Quand chaque jeudi soir pendant des semaines, tu te surprends à implorer une force suprême au moment de t’endormir, si elle existe, pour que ça n’arrive pas de nouveau.

Quand systématiquement, chaque vendredi matin, la première chose que tu fais est d’aller voir si cet homme a été épargné.

Quand tu passes ton dimanche soir à rafraîchir la page d’accueil du microsite pendant le passage de sa femme à Tout le monde en parle, alors que le compteur de signatures grimpe de 50 toutes les minutes.

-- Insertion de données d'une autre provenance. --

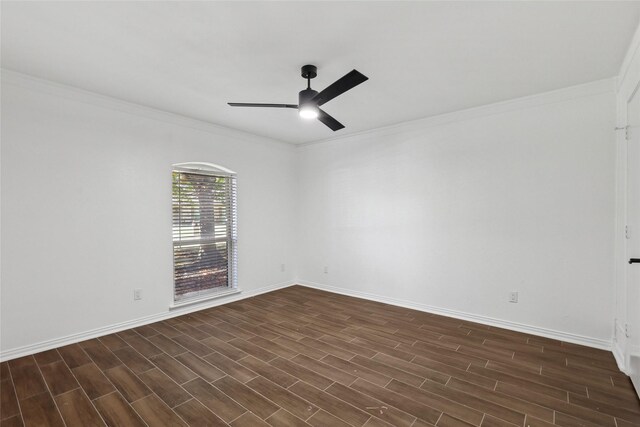 spare room featuring dark hardwood / wood-style floors and crown molding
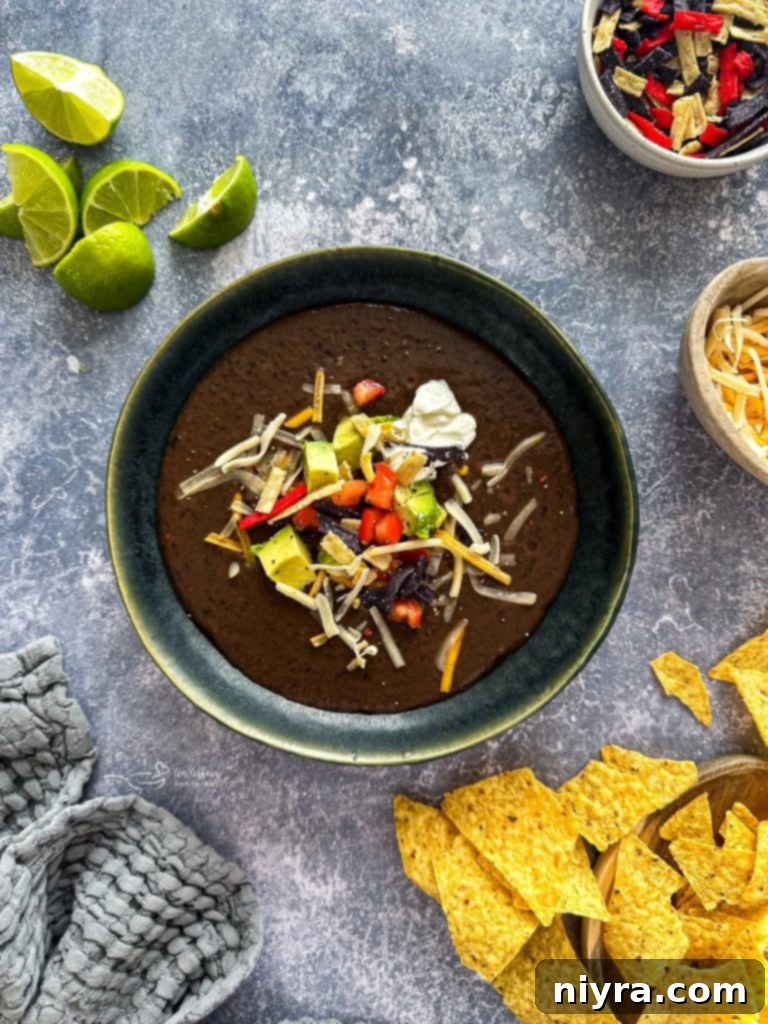 A vibrant bowl of black bean soup topped with various fresh ingredients like avocado and cilantro.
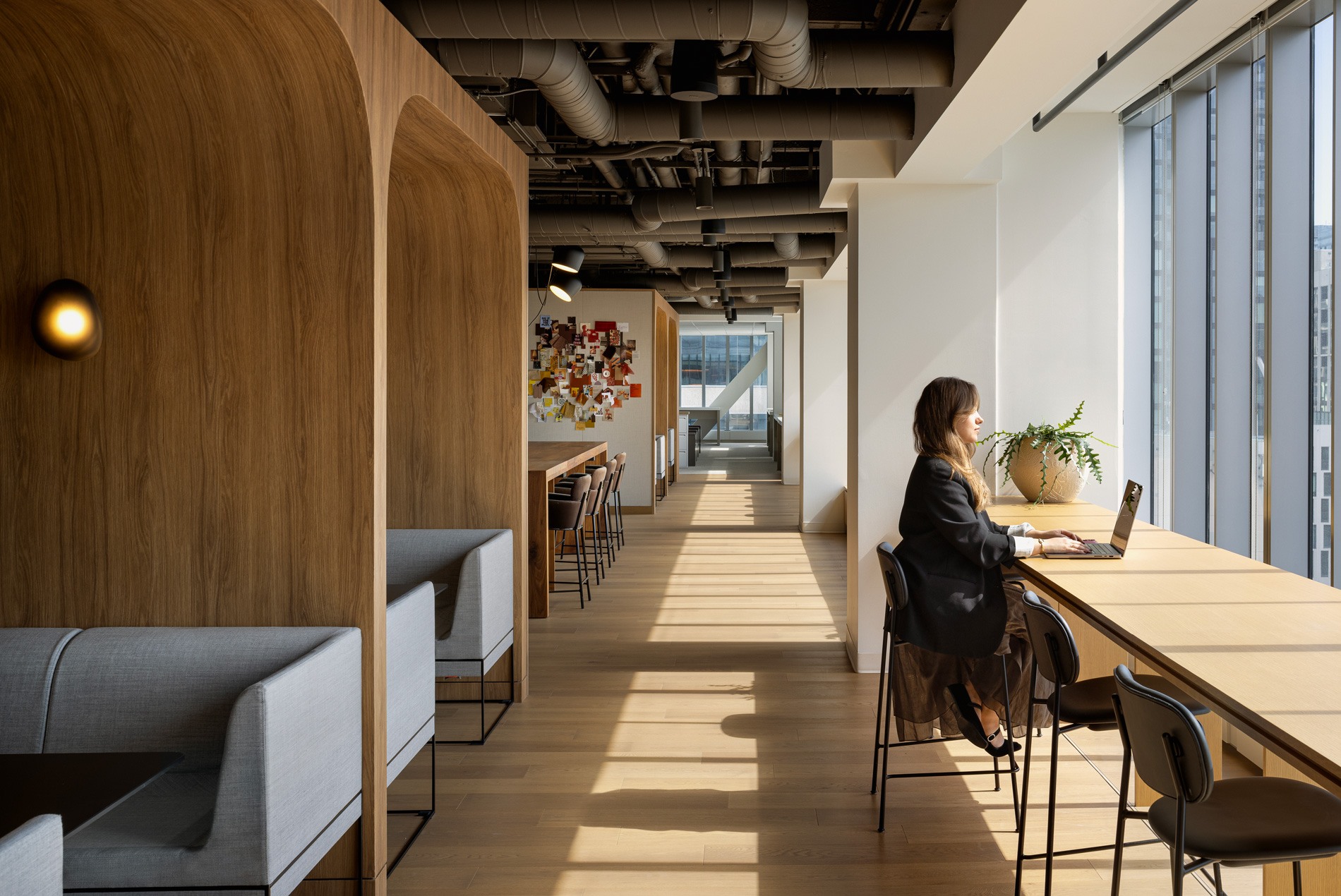 Booth and work bar settings at HOK's Toronto studio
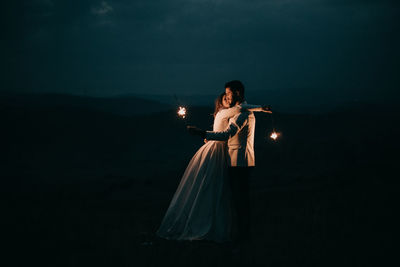 Woman standing against illuminated lighting equipment at night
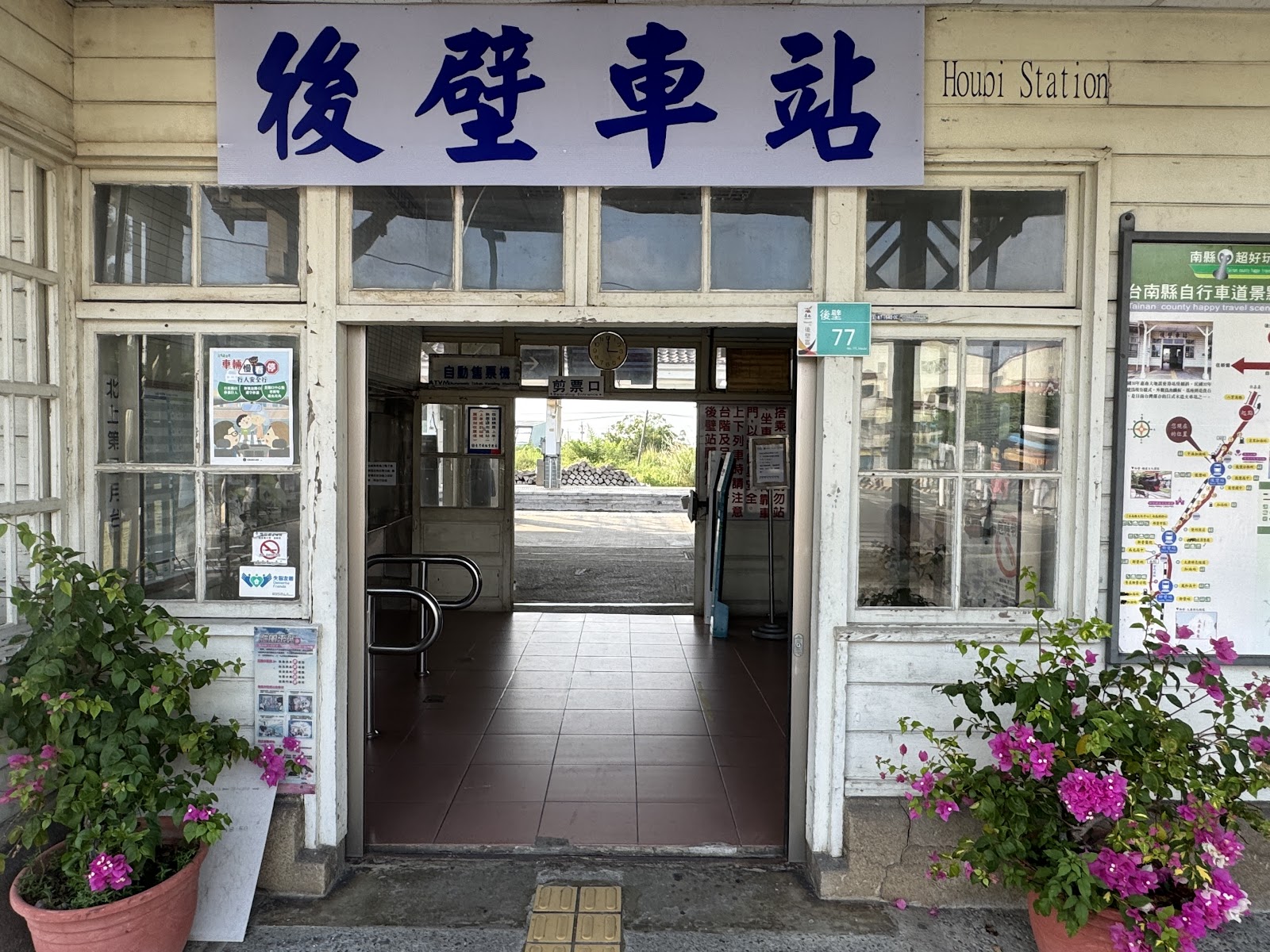 後壁車站正面入口，後壁車站藍色大字招牌，兩旁九重葛盆栽盛開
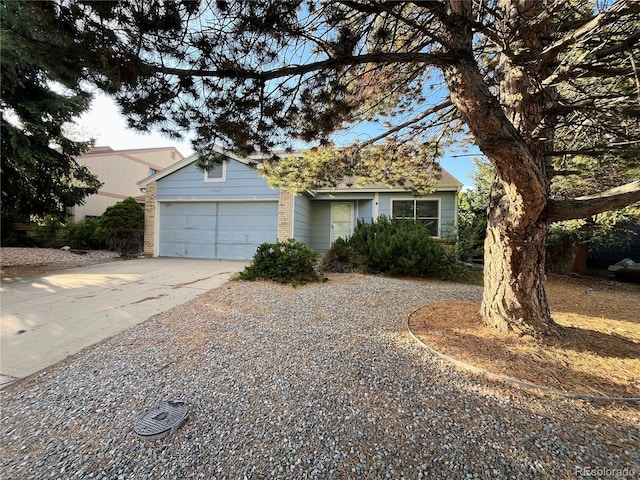 17969 E Brown Pl, Aurora, CO 80013 - view of front of house with concrete driveway, a garage, and brick siding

Quand tu textes une collègue et qu’elle est en train de faire la même chose, mais qu’il faut arrêter pour ne pas faire planter le site, vu l’ampleur du trafic.

Quand il faut changer Harper pour Trudeau dans les textes, avec l’espoir que cette fois, ça bougera plus vite.

Quand toute l’équipe attend les directives du client, après un communiqué de l’Arabie saoudite se disant irritée par la mobilisation québécoise.

Quand même les gars du web t’avouent avoir versé une larme en regardant cette vidéo du fils qui écrit à son père, « Ton petit Doudi », copie conforme à 10 ans.

Quand un matin, ils t’apprennent que le prochain courriel sera envoyé à 100 000 personnes, et que vous avez tous un peu chaud.

Quand à l’annonce d’un possible avancement dans le dossier, tu imagines déjà le jour où tu te rendras à l’aéroport de Montréal pour l’accueillir, avec autant de collègues que l’auto pourra contenir.

Quand pendant une rencontre de démarrage, tu souris en entendant dire « la gang à Raif », pour parler des sympathisants signataires…

Tu sais que cette campagne ne sera jamais vraiment finie, du moins tant qu’il ne sera pas libéré et rapatrié auprès de sa femme et de ses enfants qui l’attendent à Sherbrooke. Et que même si nous n’avons pas encore gagné, une chose merveilleuse s’est passée. Aujourd’hui, 82 000 Québécois connaissent un blogueur saoudien injustement emprisonné à l’autre bout du monde. Ils l’appellent même par son petit nom, comme un ami, et attendent avec impatience le jour où il rentrera à la maison pour reprendre sa vie là où il l’a laissée.

Mais cette fois, ici. Chez lui.

Le 5 mai dernier, JE SUIS RAIF remportait le prix Flèches d’or 2016 pour la meilleure campagne Médias sociaux, toutes catégories confondues. Mise en ligne en un temps record, cette campagne de mobilisation réalisée pour Amnistie internationale a couru sur plus de neuf mois.